Could finding love be his greatest scandal of all?
The Duke of Griffin has never lived down his reputation as one of the Rakes of St. James. Now rumors are swirling that his twin sisters may bear the brunt of his past follies. Hiring a competent chaperone is the only thing Griffin has on his mind–until he meets the lovely and intriguing Miss Esmeralda Swift. In ways he could never have expected, she arouses more than just his curiosity.
Esmeralda Swift considered herself too sensible to ever fall for a scoundrel, but that was before she met the irresistibly seductive Duke of Griffin. His employment offer proves too tempting for her to resist. She can’t afford to be distracted by his devilish charms because the stakes are so high for his sisters’ debut Season. . .unless one of London’s most notorious rakes has had a change of heart and is ready to make Esmeralda his bride?

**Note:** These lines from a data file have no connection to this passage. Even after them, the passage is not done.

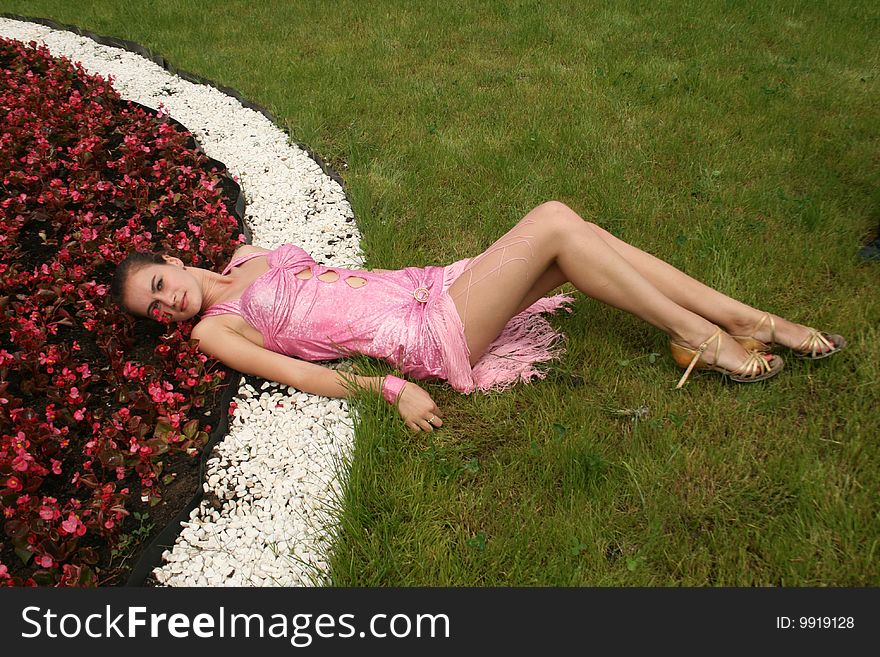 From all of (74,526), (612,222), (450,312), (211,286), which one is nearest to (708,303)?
(450,312)

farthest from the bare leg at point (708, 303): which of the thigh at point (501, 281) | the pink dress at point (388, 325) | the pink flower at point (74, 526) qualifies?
the pink flower at point (74, 526)

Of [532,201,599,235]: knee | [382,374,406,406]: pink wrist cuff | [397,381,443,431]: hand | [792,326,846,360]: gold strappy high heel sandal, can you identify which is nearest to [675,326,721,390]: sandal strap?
A: [792,326,846,360]: gold strappy high heel sandal

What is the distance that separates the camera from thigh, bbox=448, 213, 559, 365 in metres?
2.75

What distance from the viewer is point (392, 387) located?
2807mm

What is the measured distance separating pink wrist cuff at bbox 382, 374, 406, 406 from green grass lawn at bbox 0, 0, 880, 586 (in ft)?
0.33

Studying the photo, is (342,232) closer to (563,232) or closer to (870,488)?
(563,232)

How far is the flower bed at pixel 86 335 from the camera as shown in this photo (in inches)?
97.7

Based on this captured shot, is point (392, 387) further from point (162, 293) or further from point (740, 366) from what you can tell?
point (740, 366)

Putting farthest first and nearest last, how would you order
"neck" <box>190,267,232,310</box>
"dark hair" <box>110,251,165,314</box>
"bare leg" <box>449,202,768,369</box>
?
"neck" <box>190,267,232,310</box> < "dark hair" <box>110,251,165,314</box> < "bare leg" <box>449,202,768,369</box>

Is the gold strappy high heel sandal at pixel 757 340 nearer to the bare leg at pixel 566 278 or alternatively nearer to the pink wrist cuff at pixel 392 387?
the bare leg at pixel 566 278

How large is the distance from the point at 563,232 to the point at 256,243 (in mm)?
2400

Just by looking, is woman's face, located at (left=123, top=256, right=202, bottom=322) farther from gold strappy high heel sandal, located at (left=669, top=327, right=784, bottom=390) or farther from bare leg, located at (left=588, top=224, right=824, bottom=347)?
gold strappy high heel sandal, located at (left=669, top=327, right=784, bottom=390)

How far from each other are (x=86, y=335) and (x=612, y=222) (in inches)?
127

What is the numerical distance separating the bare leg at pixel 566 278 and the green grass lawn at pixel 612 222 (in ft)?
0.99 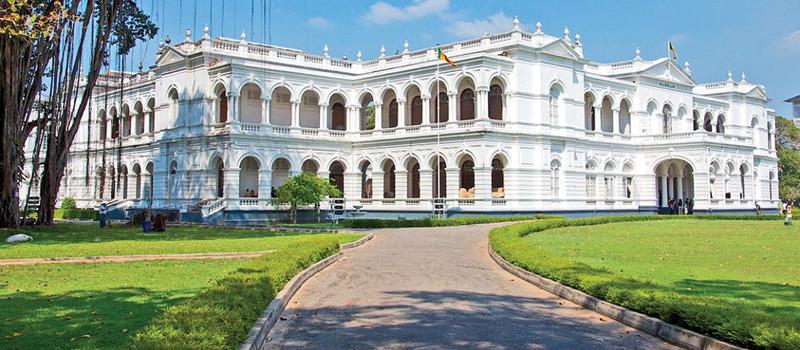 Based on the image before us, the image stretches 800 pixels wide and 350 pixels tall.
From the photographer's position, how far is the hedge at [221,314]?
6.80 m

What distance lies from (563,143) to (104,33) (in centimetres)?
2842

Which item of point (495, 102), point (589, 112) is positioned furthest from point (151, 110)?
point (589, 112)

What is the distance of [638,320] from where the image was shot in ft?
31.0

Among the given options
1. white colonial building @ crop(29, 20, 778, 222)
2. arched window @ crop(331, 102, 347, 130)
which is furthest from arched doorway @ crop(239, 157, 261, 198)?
arched window @ crop(331, 102, 347, 130)

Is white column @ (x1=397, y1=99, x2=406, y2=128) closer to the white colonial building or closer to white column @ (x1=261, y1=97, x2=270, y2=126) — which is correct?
the white colonial building

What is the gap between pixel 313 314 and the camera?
10586mm

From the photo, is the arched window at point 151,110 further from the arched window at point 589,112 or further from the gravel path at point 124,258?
the gravel path at point 124,258

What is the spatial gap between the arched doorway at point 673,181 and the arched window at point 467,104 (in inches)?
634

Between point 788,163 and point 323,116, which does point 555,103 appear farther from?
point 788,163

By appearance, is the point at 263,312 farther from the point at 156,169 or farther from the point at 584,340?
the point at 156,169

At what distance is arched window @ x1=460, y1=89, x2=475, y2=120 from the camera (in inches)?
1790

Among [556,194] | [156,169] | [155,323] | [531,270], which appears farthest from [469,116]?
[155,323]

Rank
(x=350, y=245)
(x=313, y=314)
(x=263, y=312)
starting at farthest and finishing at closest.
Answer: (x=350, y=245) < (x=313, y=314) < (x=263, y=312)

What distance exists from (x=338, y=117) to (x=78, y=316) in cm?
4099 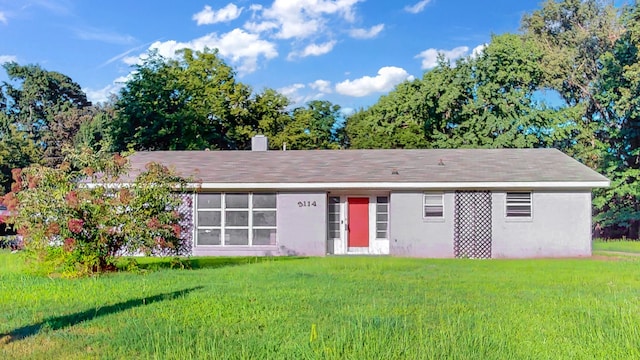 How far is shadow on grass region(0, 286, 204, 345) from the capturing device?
22.4 ft

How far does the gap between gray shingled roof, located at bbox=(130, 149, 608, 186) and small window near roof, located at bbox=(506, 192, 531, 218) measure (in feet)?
2.28

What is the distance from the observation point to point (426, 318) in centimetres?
757

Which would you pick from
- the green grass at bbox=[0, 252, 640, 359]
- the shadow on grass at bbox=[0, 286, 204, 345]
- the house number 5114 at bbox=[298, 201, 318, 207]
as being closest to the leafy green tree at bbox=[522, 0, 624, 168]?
the house number 5114 at bbox=[298, 201, 318, 207]

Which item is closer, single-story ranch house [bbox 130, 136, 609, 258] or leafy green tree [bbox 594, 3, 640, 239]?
single-story ranch house [bbox 130, 136, 609, 258]

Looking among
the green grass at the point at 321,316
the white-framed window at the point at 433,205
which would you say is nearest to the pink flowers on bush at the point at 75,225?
the green grass at the point at 321,316

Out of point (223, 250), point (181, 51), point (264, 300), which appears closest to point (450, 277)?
point (264, 300)

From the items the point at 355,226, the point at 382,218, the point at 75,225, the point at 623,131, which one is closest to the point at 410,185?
the point at 382,218

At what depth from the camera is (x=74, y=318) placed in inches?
304

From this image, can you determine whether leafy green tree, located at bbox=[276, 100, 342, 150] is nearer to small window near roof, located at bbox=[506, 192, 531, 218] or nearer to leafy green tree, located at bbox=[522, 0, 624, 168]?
leafy green tree, located at bbox=[522, 0, 624, 168]

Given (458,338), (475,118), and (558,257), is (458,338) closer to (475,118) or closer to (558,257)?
(558,257)

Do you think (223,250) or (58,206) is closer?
(58,206)

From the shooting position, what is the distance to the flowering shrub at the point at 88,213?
1266cm

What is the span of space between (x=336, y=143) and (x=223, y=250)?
1009 inches

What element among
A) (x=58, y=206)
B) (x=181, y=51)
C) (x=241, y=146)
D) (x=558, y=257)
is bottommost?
(x=558, y=257) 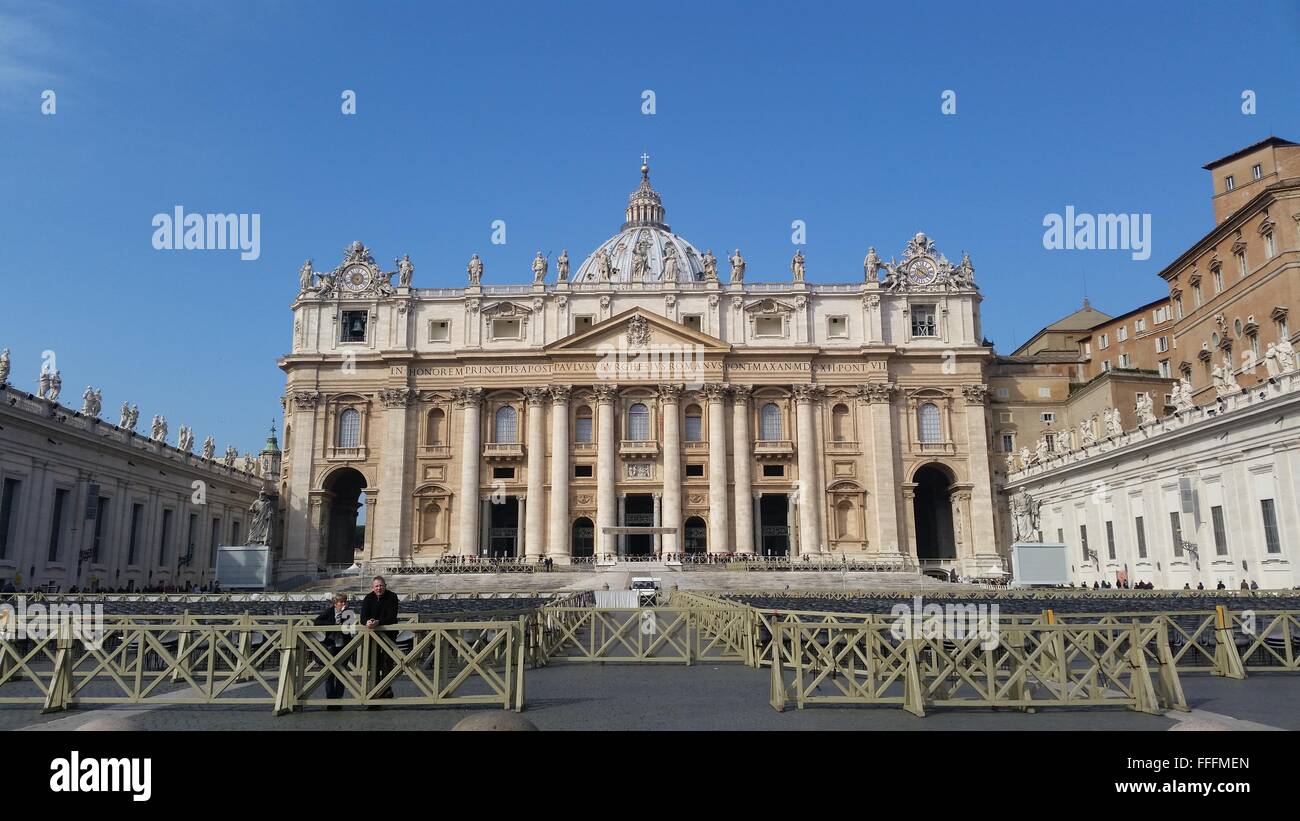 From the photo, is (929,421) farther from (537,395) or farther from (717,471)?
(537,395)

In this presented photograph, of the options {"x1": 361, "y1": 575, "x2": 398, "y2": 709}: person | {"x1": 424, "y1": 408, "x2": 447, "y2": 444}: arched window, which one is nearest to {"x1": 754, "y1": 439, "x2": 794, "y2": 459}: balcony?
{"x1": 424, "y1": 408, "x2": 447, "y2": 444}: arched window

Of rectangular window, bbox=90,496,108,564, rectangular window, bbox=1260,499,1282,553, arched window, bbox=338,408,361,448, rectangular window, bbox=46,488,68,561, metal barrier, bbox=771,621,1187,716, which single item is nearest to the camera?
metal barrier, bbox=771,621,1187,716

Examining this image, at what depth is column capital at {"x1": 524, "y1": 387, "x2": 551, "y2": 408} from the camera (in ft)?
208

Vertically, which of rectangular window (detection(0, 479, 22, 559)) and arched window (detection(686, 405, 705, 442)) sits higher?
arched window (detection(686, 405, 705, 442))

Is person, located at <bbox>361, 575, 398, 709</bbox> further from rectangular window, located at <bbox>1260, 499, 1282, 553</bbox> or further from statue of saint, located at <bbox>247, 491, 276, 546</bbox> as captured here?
statue of saint, located at <bbox>247, 491, 276, 546</bbox>

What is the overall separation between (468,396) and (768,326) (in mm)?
22206

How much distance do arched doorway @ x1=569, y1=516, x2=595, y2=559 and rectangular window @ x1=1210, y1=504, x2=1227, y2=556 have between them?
1477 inches

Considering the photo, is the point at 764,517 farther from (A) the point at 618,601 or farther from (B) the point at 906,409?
(A) the point at 618,601

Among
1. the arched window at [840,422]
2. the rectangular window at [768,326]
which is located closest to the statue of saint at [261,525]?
the rectangular window at [768,326]

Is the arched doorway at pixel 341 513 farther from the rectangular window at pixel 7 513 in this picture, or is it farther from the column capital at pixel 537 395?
the rectangular window at pixel 7 513

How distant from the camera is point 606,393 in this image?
62844 millimetres

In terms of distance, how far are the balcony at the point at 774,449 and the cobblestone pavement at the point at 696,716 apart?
157ft
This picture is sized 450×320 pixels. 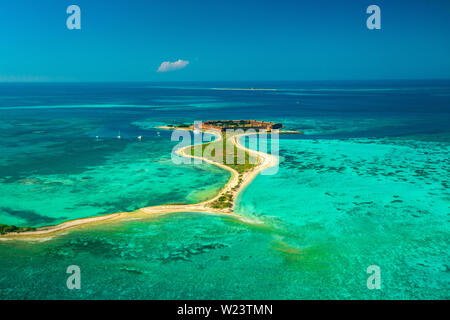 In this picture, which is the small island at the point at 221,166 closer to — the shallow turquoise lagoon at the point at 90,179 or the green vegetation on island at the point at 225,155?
the green vegetation on island at the point at 225,155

There is a fad at the moment for historical romances involving governesses (or a chaperone from a governess agency, as is the case here). They seem to have overtaken duke-who-is-also-a-spy as the theme du jour.
I have read one other book by author Amelia Grey, and found it was your standard Regency romance. Inoffensive, familiar to those of us who read this genre often, delivering all the things you expect from the subgenre.
This one is no different.
The book is a little slow to get going – all except for the insta-lust! The first three chapters cover just ONE conversation between hero and heroine. He walks into her office, gets a nice feeling in his loins when he sees her, and decides he absolute MUST employ her as the chaperone for his sisters.
The act of convincing her to go along with this plan takes all of those three chapters.
Chapter four is the heroine considering the offer she has accepted, while chapter five sees the hero leaving the office and meeting up with his friends. All three of these men are dukes – that’s more dukes than I’ve ever seen in one series before! – and the others are obviously future heroes of future books in the series.
Chapter five is entirely the three dukes talking.
Chapter six is entirely the heroine talking to her little sister.
I was beginning to wonder if the plot would ever begin!
There is nothing especially wrong with this book (though people’s ages seem to keep changing!); I simply wasn’t enthralled by it.
If you’re looking for a standard Regency read, Last Night with the Duke is just that. However, I’m not sure it will stay with me for long.
Review copy provided by NetGalley.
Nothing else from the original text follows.